Quando os Turcos tomaram Constantinopla (1453), quando suas armadas dominaram o Mediterrâneo, quando Veneza se pôs em guerra contra a Turquia, já seria a necessidade: o comércio no Mediterrâneo entrou em decadência e a Europa insistiu noutro caminho, outros caminhos empreendera para conseguir as especiarias que foram o incentivo das Navegações e da Revelação. “E, se mais mundo houvera, lá chegara”. (Lus., VII, 14).

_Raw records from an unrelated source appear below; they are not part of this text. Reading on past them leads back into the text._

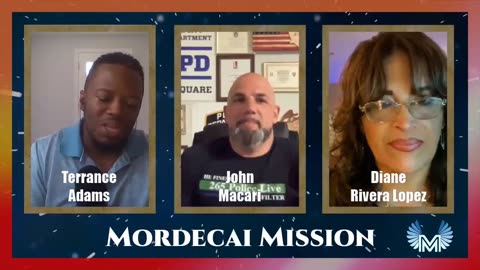 Catching Fire News | Mordecai Mission | John Macari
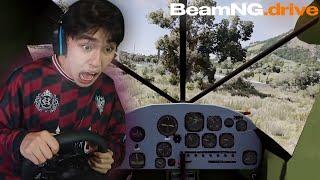 АСЛАН ШУКАША СТАЛ ПИЛОТОМ | BeamNG.drive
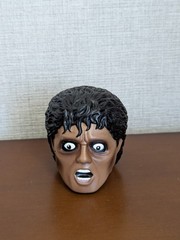 Marusan Michael Jackson Thriller Zombie Ver Sofubi Vinyl Figure 24cm Japan 2010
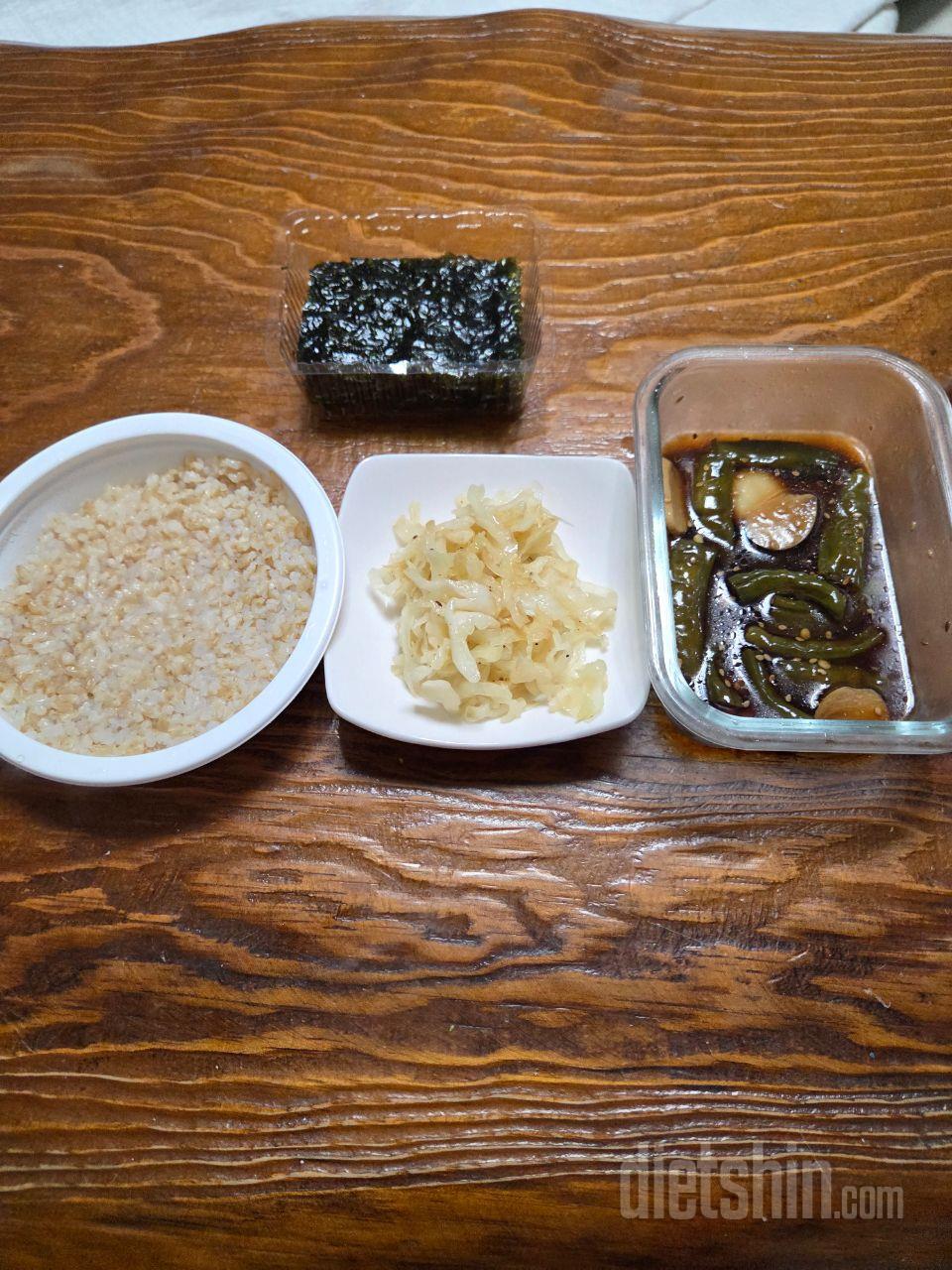 살좀 빼보려고 구입해서  점심,저녁으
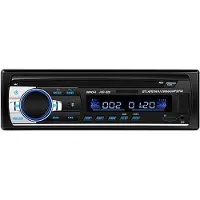 Melitt 12V Autospeler Mp3 Auto Mp3 Speler Plug-in Radio Auto Mp3 Stereo Universeel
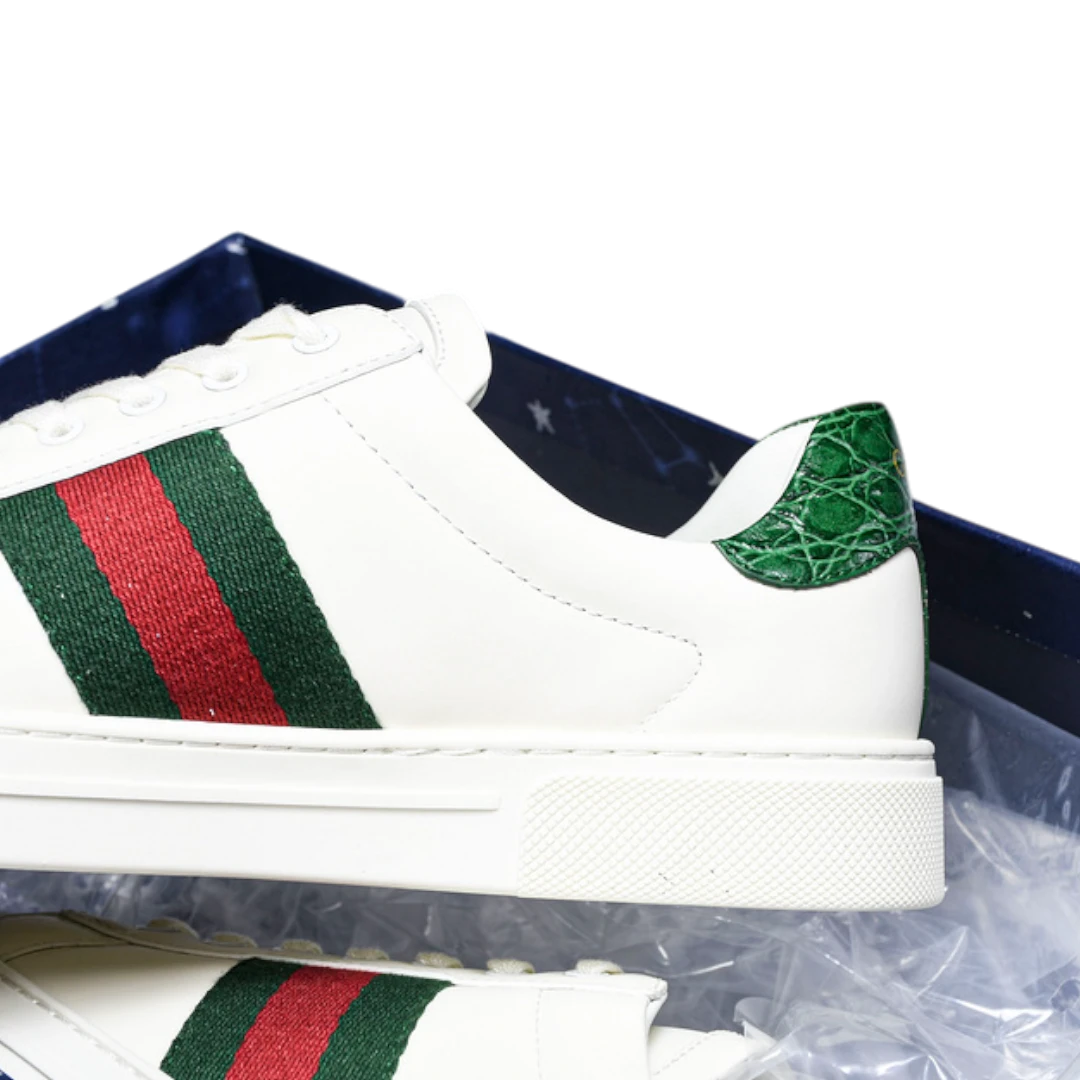 Guссi Ace Web 'White'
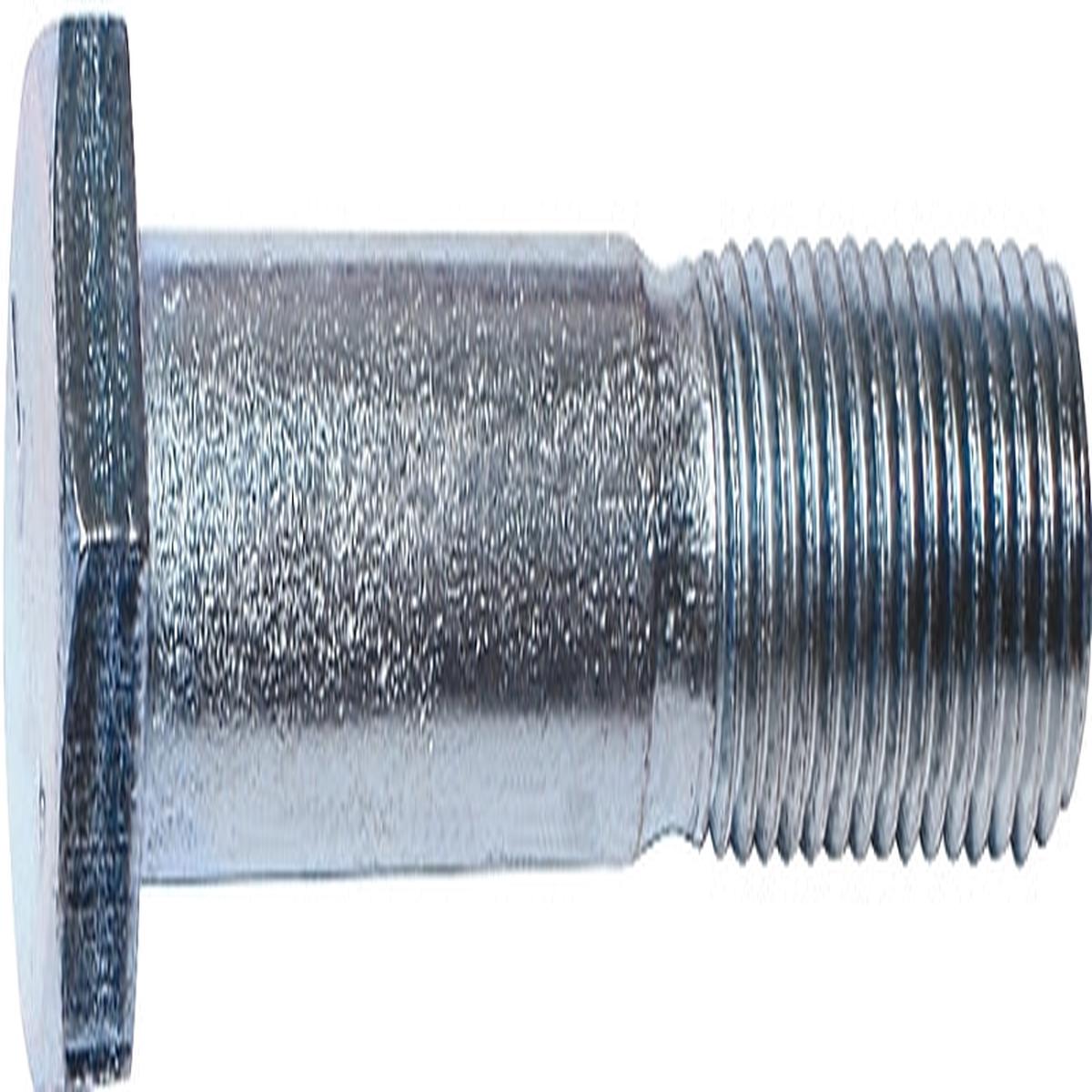 Midwest Fastener 00283 Cap Screw 516-18 in Thread 4 in L Coarse Thread Hex Drive Zinc Zinc 50 PK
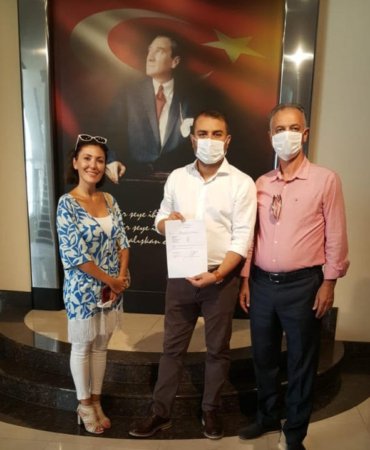 “BU ONURLU YOLDA BİRLİKTEYSEK GÜÇLÜYÜZ...”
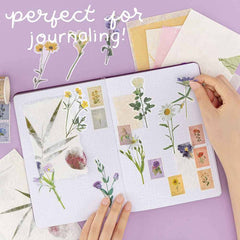 Tsuki 'Enchanted Garden' Scrapbook Sticker Set ☾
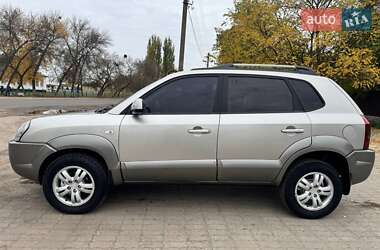 Внедорожник / Кроссовер Hyundai Tucson 2007 в 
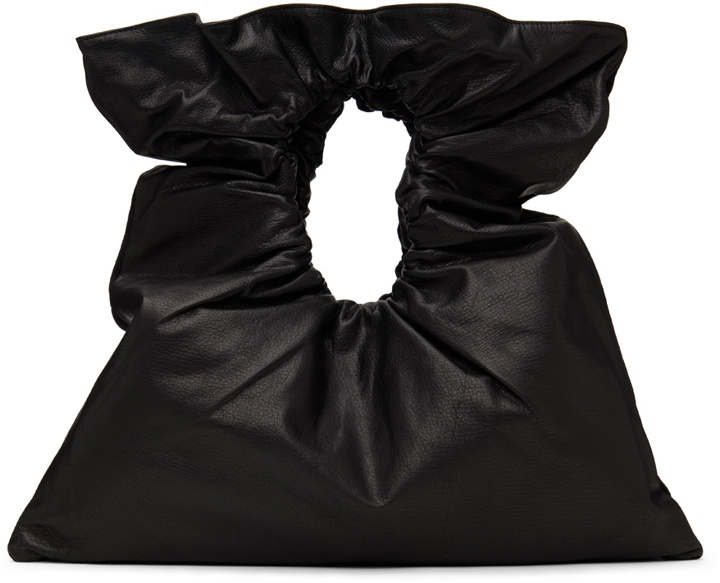 Photo: Y's Black Gathered Bag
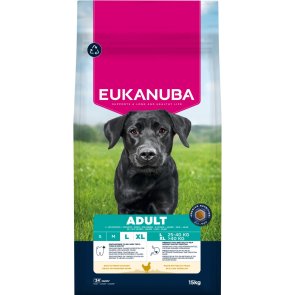 Eukanuba Dog Adult Large Kyckling 15 kg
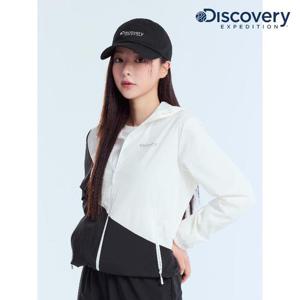 디스커버리 (DWWJ7B053_BKN) 프레시벤트 여성 이노블럭 바람막이 DXNW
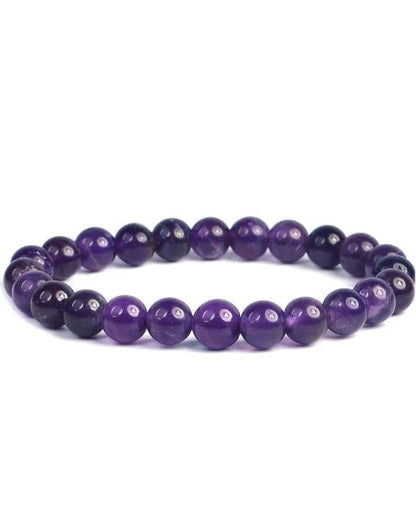 Natural Amethyst Bracelet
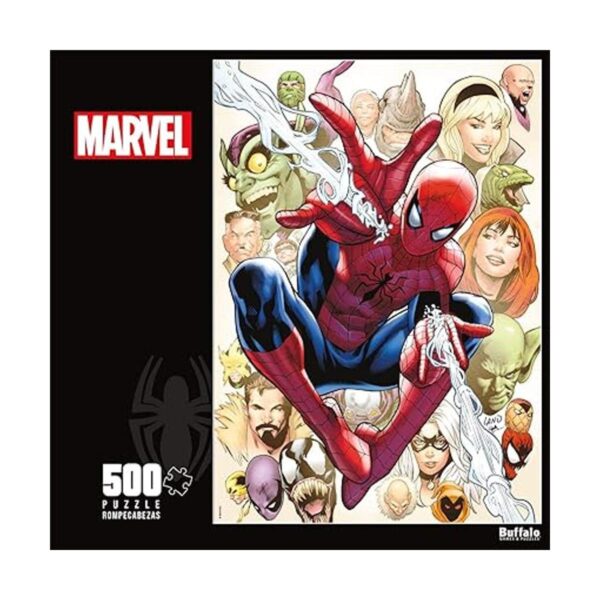 Marvel El increíble rompecabezas de Spiderman 800500_2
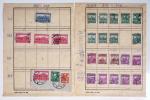 1919-80 Small exhibition collection showing some specialisation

Haviam as Cruzadas ensinado aos Nórdicos o caminho marítimo, até o fundo do Mediterrâneo: depois dos périplos piedosos, vieram os lucrativos tráficos marítimos. As conquistas religiosas haviam aproximado o Oriente de entrepostos, Rodes, Chipre, Beirute, Grécia, Egito, antes de Pisa, Gênova, finalmente Veneza, dominante, onde todo o norte da Europa tinha armazéns, feitores e representações. Comprava-se e vendia-se e a mercadoria caminhava via terrestre ou marítima. Além dos produtos exóticos, as indústrias regionais: vidros, rendas, drogas farmacêuticas, e com isso o tráfico de escravos, negros, muçulmanos, dálmatas. A moeda de ouro e prata, o primeiro banco, que datava de 1141, uma frota de 3 a 4.000 navios, governo de plutocratas servindo ao lucro individual e coletivo, tinham feito, de Veneza, a cidade cosmopolita, monopolizadora do comércio das especiarias. Isto despertaria emulação, incentivo e concorrência: os Turcos no Mediterrâneo iriam ajudá-las.